→ Data for processing:
"""
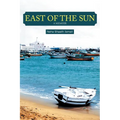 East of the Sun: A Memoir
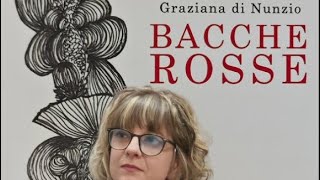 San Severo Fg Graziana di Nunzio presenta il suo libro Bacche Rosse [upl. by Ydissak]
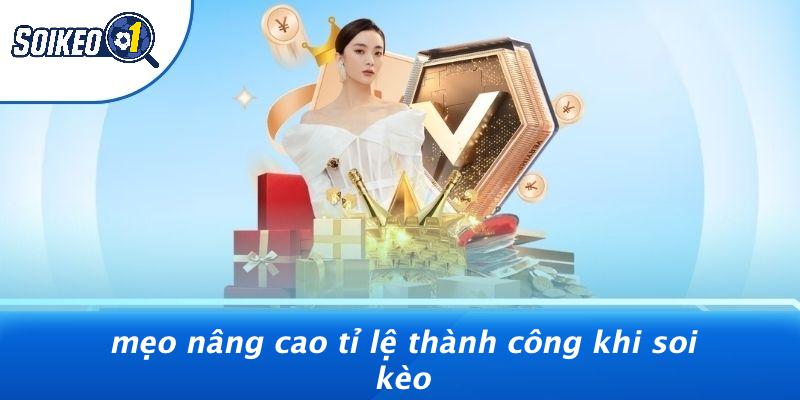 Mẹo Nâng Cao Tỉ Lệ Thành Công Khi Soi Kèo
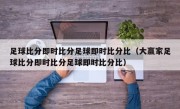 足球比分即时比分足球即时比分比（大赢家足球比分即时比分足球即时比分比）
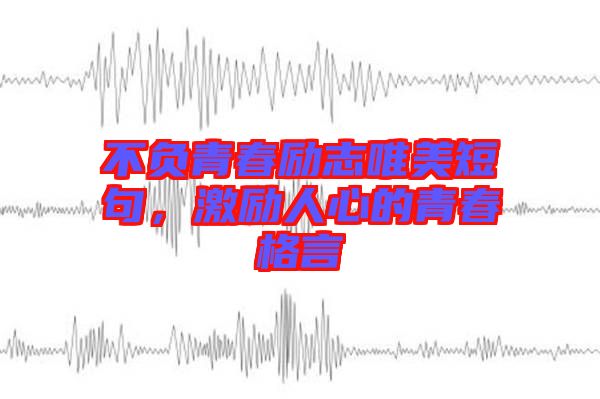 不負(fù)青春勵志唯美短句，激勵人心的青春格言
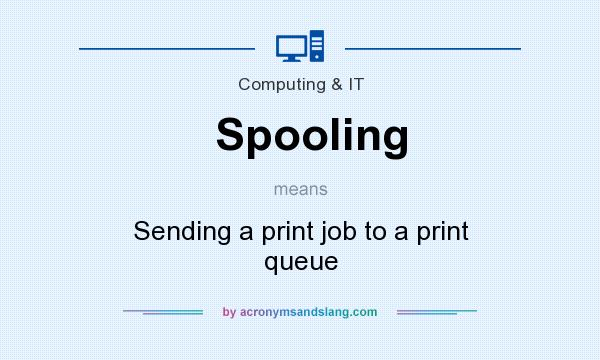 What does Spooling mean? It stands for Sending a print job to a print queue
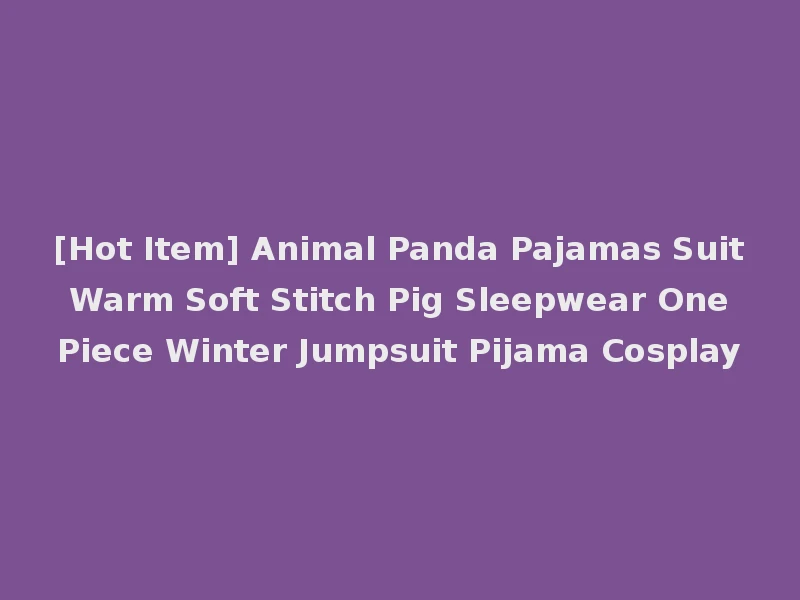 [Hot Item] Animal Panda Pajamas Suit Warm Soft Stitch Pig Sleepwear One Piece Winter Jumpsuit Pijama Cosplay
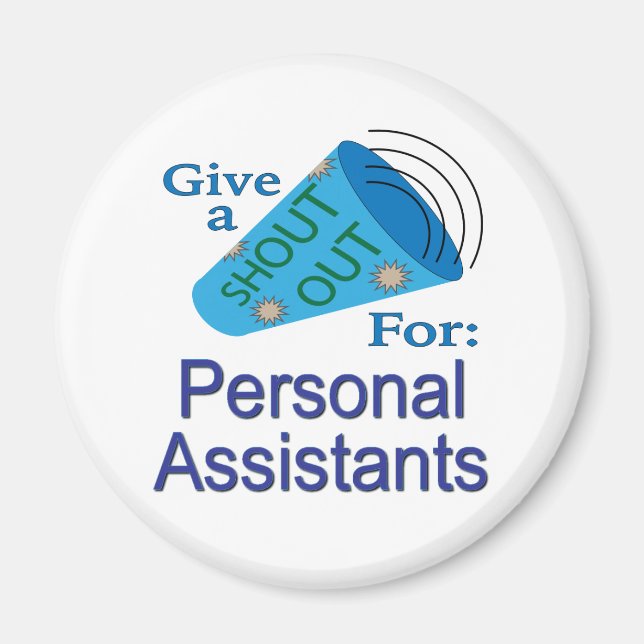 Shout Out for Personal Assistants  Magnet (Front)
"""
→ Work to be completed: Could the entries above be copied out exactly, with no pictures included?

→ Reply to the task:
 East of the Sun: A Memoir
 San Severo Fg Graziana di Nunzio presenta il suo libro Bacche Rosse [upl. by Ydissak]
 Mẹo Nâng Cao Tỉ Lệ Thành Công Khi Soi Kèo
 足球比分即时比分足球即时比分比（大赢家足球比分即时比分足球即时比分比）
 不負(fù)青春勵志唯美短句，激勵人心的青春格言
 What does Spooling mean? It stands for Sending a print job to a print queue
 [Hot Item] Animal Panda Pajamas Suit Warm Soft Stitch Pig Sleepwear One Piece Winter Jumpsuit Pijama Cosplay
 Shout Out for Personal Assistants  Magnet (Front)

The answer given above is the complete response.